In the nineteenth century, with the expiry of the Qing dynasty — the ‘sick man of East Asia’ — China lost much of its territory—the southern tributaries of Nepal and Burma to Great Britain; Indochina to France; Taiwan and the tributaries of Korea and Sakhalin to Japan; and Mongolia, Amuria, and Ussuria to Russia, which interestingly became later the basis of its ‘historical’ claim to the vast sweep of land it once had. Unreconciled to many of these Qing territorial losses and guided thus by a ‘history’ of one-time possession or exploration, China picked up territorial disputes with all of its neighbours, though most of which have been settled by now. The trouble is it still makes unrealised territorial claims — the island of Taiwan, 45,000 square miles of territory in three parcels disputed with India, smaller border claims with other neighbours, and several sets of islands in the East China and South China seas.
China needs to realise that its dogged intransigence runs counter to its doctrine of “peaceful rise” as it may well lead to the bandwagoning of nations under the US auspices locked in an adversarial relationship with it.
Besides its economic and political clout all through the Asian region, the US nurses defence relationships of multiple kinds around China’s immediate periphery with not only South Korea, Japan, Taiwan, the Philippines, Vietnam and Thailand, but also with India, Pakistan, Afghanistan, and Kyrgyzstan.
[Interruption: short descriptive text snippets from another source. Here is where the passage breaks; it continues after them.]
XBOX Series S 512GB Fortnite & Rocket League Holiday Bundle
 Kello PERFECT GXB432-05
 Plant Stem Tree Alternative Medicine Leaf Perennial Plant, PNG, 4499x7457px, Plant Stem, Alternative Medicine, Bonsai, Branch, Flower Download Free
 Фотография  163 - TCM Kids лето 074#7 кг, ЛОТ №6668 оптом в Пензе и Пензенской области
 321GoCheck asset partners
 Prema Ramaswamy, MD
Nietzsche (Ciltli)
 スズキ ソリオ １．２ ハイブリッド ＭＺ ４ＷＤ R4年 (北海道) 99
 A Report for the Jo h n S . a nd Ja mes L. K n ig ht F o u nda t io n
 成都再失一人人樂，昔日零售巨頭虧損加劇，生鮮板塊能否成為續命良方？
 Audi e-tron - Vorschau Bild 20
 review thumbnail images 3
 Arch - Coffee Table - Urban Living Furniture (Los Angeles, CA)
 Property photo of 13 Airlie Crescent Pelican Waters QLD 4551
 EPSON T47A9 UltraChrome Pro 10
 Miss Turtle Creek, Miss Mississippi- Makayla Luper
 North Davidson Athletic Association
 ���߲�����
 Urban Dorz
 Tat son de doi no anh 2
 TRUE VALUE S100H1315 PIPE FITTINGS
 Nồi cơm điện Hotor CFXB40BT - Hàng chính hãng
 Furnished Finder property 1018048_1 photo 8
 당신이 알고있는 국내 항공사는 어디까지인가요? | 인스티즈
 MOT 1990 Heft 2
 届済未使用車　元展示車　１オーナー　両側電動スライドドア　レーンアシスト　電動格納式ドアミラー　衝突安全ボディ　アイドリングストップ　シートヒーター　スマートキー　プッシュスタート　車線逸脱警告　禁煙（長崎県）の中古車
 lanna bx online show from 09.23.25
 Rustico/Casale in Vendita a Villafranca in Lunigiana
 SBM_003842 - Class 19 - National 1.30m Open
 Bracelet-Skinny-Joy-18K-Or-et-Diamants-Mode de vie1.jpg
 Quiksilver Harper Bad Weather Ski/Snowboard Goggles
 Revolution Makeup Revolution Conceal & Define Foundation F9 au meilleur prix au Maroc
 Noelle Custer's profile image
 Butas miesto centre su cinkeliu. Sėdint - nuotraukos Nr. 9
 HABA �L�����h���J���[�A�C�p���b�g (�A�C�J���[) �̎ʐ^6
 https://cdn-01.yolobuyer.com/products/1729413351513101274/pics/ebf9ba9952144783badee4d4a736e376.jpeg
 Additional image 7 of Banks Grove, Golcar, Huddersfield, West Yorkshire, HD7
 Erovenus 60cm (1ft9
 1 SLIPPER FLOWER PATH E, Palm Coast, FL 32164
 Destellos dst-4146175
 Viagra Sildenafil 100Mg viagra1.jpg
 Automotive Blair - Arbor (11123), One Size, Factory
Already the US with its Pacific Command headquarters in Honolulu, its giant military base on the Pacific island of Guam (6,000 miles from the continental US, but only 2,000 miles from China) and its dominating naval presence in the South and East China Seas breathes down China’s neck. Alongside shelving sovereignty disputes in the East and South China Seas and minimising tensions with ASEAN and with Japan, China’s calling card should be to emphasise multilateral diplomacy and economic integration with its neighbours.